“But, Good Lord,” he said helplessly, “suppose—suppose a black beetle argues that way, and does his best, and lives to a good old beetle age. And suppose another black beetle gives up in the beginning, and takes some morphine-for-beetles, and next minute gets crushed by a watering cart. What then?”
“But I,” said Pelleas with admirable dignity, “am not a beetle.”
“But confound it, sir,” Hobart said, “I’m afraid I am. That’s the difference.”
“All philosophical arguments,” Pelleas observed, wrinkling the corners of his eyes, “end that way. But beetles or not, doing one’s best is the only way out.”
“But the ‘best’ of a beetle—” Hobart shrugged.
Then I spoke out with conviction.
“You, for example, Hobart Eddy,” I said, “would be a perfect husband.”

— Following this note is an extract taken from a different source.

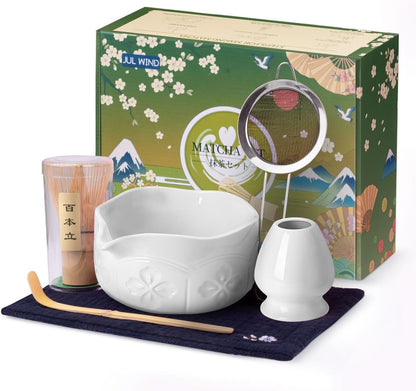 Matcha Whisk Set, Ceramic Matcha Set Includes Bowl with Spout, Whisk and Holder, Bamboo Scoop, Sifter and Tea Towel - 6 Pcs Matcha Kit Gift for Lovers Beginners (Pink)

“Thanks, dear heart,” he replied, “it’s a common virtue, that.”
“It’s very uncommon,” I protested stoutly; “I can think of no one besides Pelleas and you and Wilfred and Horace and Lawrence and David and Our Telephone and Eric who in the least possess it. Hobart Eddy, if you would marry—”

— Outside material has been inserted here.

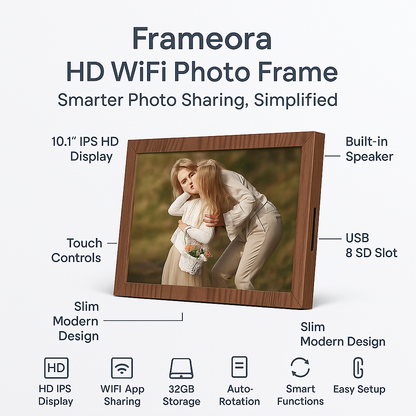 Frameora HD WiFi Photo Frame – 10.1" IPS Touchscreen,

“Don’t tell me, Aunt Etarre,” he said, “that a married beetle is in the scheme of things any nearer the solution than a single one. Besides—” he added and stopped. I had noted, when we were on this not infrequent subject, that he was wont to say this, and stop; and when he did so my heart always went a thought faster than my reason: What if he did love some one of whom we had never guessed? But that I dismissed as absurd; for in that case, how should she not love him?